## Record set
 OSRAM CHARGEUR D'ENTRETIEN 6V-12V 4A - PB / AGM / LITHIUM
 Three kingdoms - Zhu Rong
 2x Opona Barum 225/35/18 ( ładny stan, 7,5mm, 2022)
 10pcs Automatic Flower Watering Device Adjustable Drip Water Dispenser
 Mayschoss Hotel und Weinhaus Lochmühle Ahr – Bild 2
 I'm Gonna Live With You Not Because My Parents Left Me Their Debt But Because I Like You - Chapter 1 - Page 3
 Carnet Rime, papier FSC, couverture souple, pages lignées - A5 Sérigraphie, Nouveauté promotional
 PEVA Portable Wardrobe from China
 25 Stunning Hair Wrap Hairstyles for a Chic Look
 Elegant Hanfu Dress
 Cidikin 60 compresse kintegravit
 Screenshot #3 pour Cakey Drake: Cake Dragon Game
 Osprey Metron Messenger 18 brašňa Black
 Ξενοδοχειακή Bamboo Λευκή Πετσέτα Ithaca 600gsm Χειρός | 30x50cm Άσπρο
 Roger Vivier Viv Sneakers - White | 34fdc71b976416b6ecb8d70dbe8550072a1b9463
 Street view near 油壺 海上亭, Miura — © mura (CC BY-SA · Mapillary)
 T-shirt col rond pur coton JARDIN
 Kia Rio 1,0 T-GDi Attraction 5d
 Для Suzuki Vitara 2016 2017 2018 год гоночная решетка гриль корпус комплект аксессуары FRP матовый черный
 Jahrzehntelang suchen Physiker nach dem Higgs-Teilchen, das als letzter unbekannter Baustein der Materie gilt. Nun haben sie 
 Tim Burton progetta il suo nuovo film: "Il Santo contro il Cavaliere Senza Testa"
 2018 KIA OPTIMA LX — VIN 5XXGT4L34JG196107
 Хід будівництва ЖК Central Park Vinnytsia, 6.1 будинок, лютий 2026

## Directions for this task
Looking at the records above, return exactly the lines from the line with "10pcs Automatic Flower" to the line with "Roger Vivier Viv", both ends included.

## The completed task
 10pcs Automatic Flower Watering Device Adjustable Drip Water Dispenser
 Mayschoss Hotel und Weinhaus Lochmühle Ahr – Bild 2
 I'm Gonna Live With You Not Because My Parents Left Me Their Debt But Because I Like You - Chapter 1 - Page 3
 Carnet Rime, papier FSC, couverture souple, pages lignées - A5 Sérigraphie, Nouveauté promotional
 PEVA Portable Wardrobe from China
 25 Stunning Hair Wrap Hairstyles for a Chic Look
 Elegant Hanfu Dress
 Cidikin 60 compresse kintegravit
 Screenshot #3 pour Cakey Drake: Cake Dragon Game
 Osprey Metron Messenger 18 brašňa Black
 Ξενοδοχειακή Bamboo Λευκή Πετσέτα Ithaca 600gsm Χειρός | 30x50cm Άσπρο
 Roger Vivier Viv Sneakers - White | 34fdc71b976416b6ecb8d70dbe8550072a1b9463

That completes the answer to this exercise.